# SOG Toilet Kits



## satis (May 5, 2008)

Hi Everyone  

SOG Toilet Kits,Are they really worth the money ?,Thinking of getting one,But before i committ,Your views and experiences please !!!!!! would be appreciated,Would hate to throw good money down the pan!! :roll: 
Many thanks Satis


----------



## airstream (Jan 7, 2009)

Hi,
Fitted to to last two campers - work great no smell no issues cost benefit is down to use 
I empty at every chance so elsan fluid costs a fortune if you are away for months at a time 
What I did not try was to use toilet without fluid - will it smell etc if I empty every day or so?
Also not very green to bury waste contaminated with chemicals (emg situation only)
Regards Ray


----------



## CliveMott (Mar 10, 2008)

I did my own version on our old camper (PONGO) - but it still used a SOG filter.
When I raised the request to have a SOG fitted to our new MH the supplier said that the manufacturers of the van say it will invalidate their warranty so the dealer does not recommend it. It was also pointed out that all modern loo chemicals are now bio-degradeable and OK to put down the plug hole.

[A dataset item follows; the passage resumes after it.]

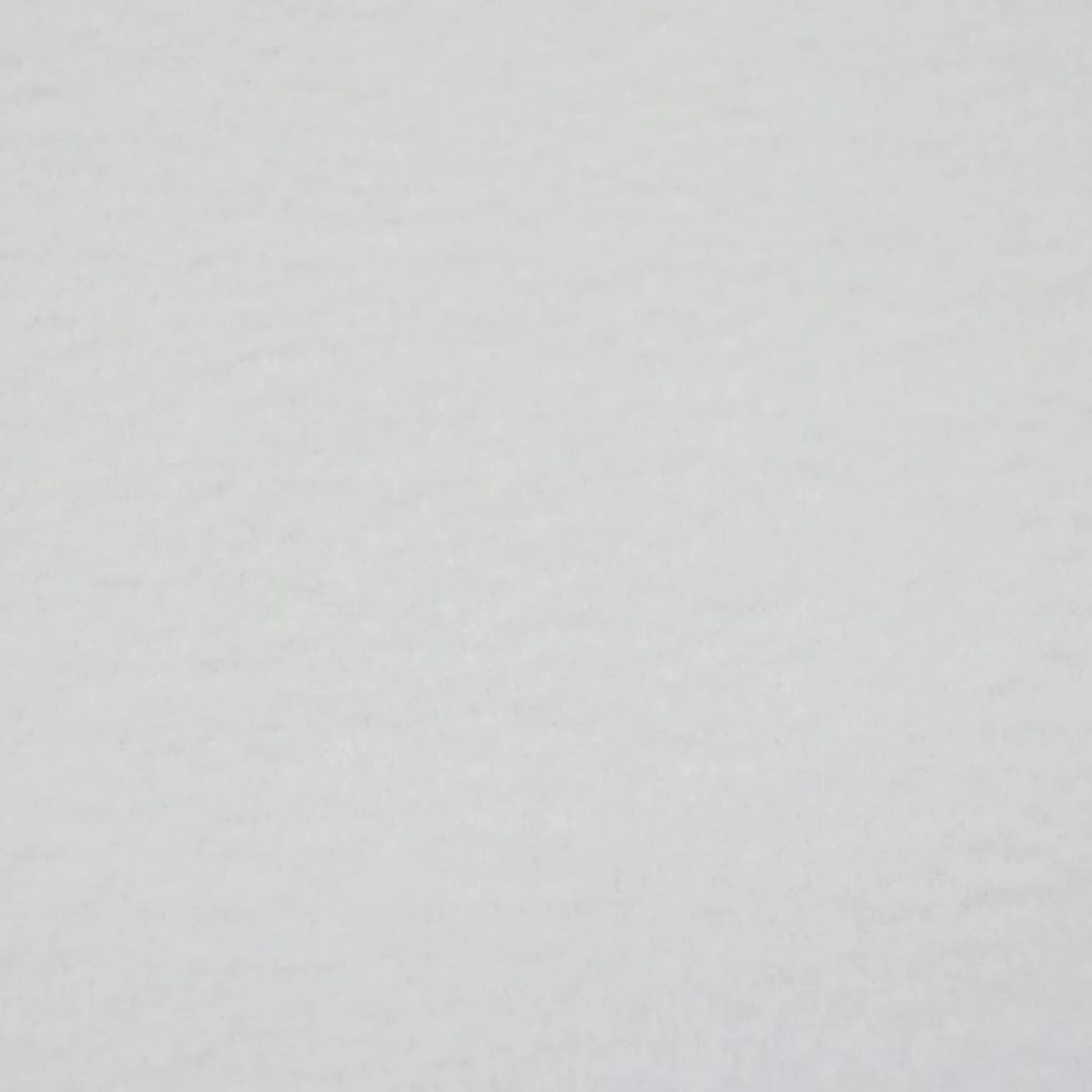 Detalle del tejido polar suave en color blanco [Variant: Blanco]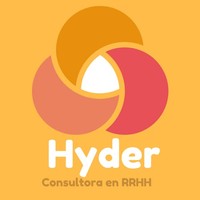 Hyder Consultora logo, Hyder Consultora contact details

More investigation required I guess!
C.


----------



## impala666 (Oct 26, 2007)

Sog toilets work....BUT...If two people use the toilet it is necessary to empty it daily. I always use some pink fluid in the flush. Tesco cheap toilet paper is OK to use. There is more smell when emptying.

Toilet blue & Pink fluids can be hard to find in many East Europe countries. In tropical weather a little of both fluids helps. The air suction does reduce bathroom smells.

So Yes Sog toilets are a good buy but NOT as good as the makers claim

Brian


----------



## airstream (Jan 7, 2009)

Hi all again,
As SOG are options or standard fit on most non UK vans and I think Thetford now offer own fit version, what can the warranty issue be ? and warranty on what - its only a small fan extracting from the cassette vent
I wonder who has a "standard" MH out there? are we all without warranty? 
Regards Ray


----------



## Diver (May 15, 2005)

Best thing we have fitted. There is NO need to use any chemicals with it. 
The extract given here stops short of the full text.